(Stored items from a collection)
..........

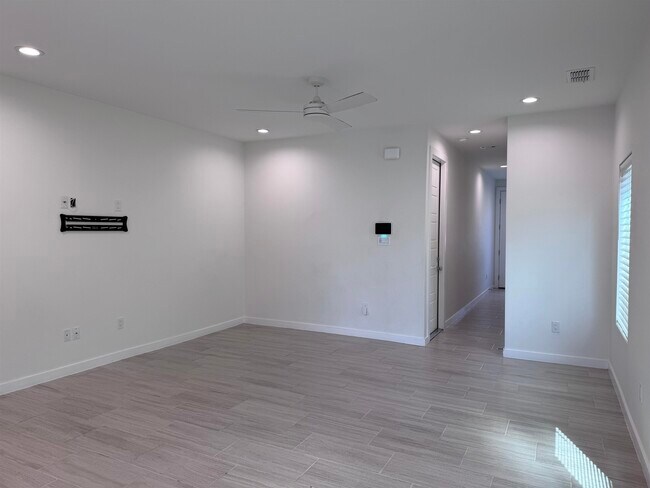 Foto del edificio - 417 Deer Path Lp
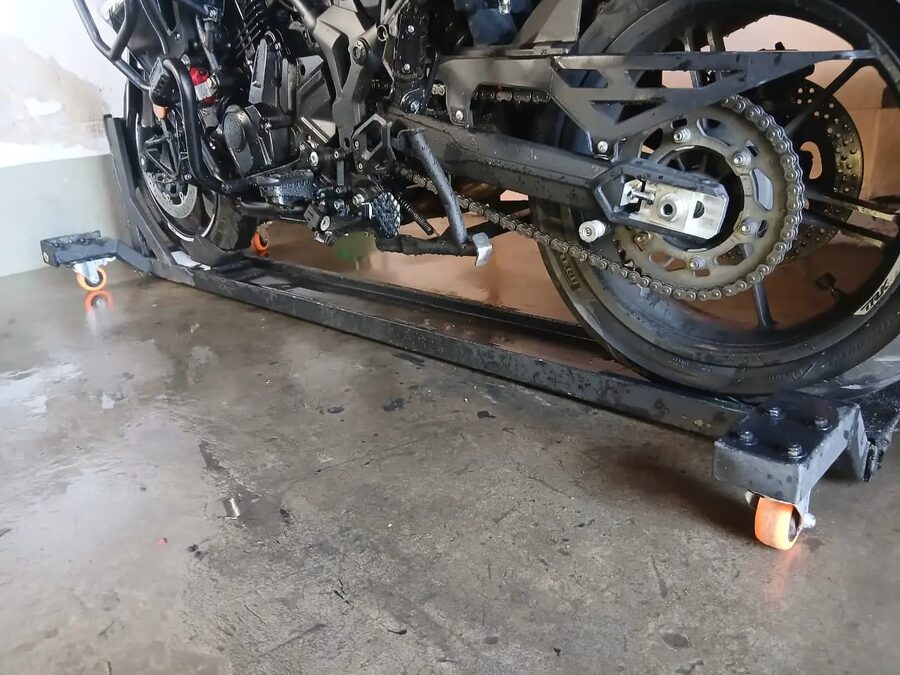 Rampa patineta para estacionar moto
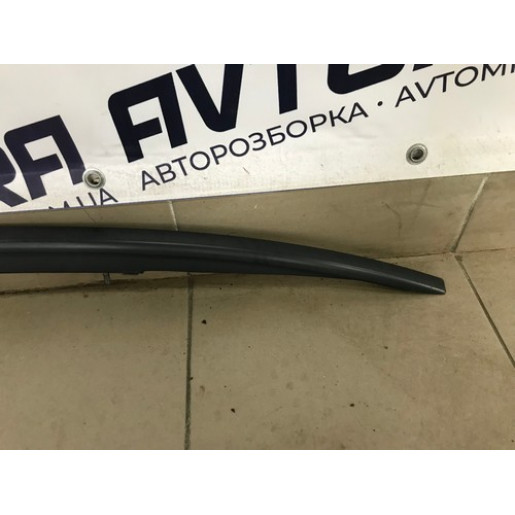 Рейлинг левый Opel Zafira B 2005-2011 13251279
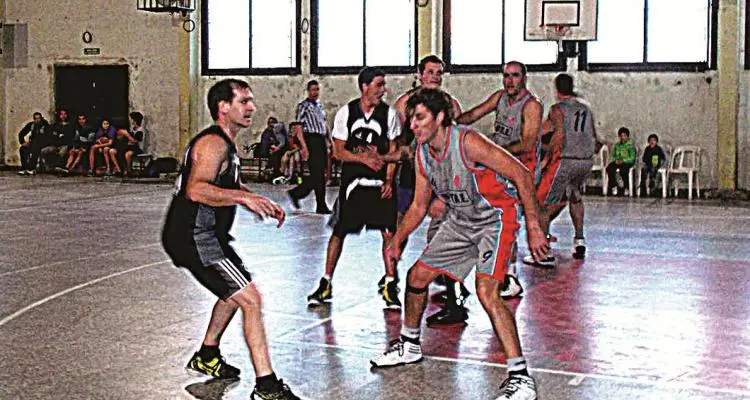 Mitre clasificó a las semifinales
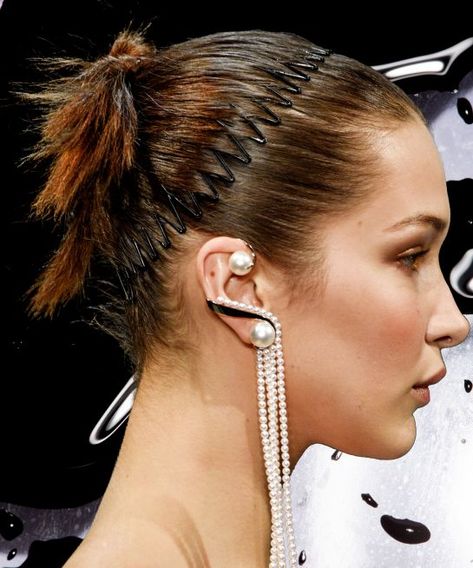 Childhood hair accessories are back and there's nothing you can do about it #BellaHadid #90s #early2000s #hair #hairstyles Zig Zag Headband, 1990s Fashion Trends, Hair Clip Hairstyles, Hair Clips 90s, 90s Hair, Blue Mascara, 80s Fashion Trends, 2000s Fashion Trends, Lazy Hairstyles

..........

Beginning with the line that contains "Rampa patineta para estacionar moto", reproduce every line through the end of the records above exactly, leaving pictures out.

_Response area_
 Rampa patineta para estacionar moto
 Рейлинг левый Opel Zafira B 2005-2011 13251279
 Mitre clasificó a las semifinales
 Childhood hair accessories are back and there's nothing you can do about it #BellaHadid #90s #early2000s #hair #hairstyles Zig Zag Headband, 1990s Fashion Trends, Hair Clip Hairstyles, Hair Clips 90s, 90s Hair, Blue Mascara, 80s Fashion Trends, 2000s Fashion Trends, Lazy Hairstyles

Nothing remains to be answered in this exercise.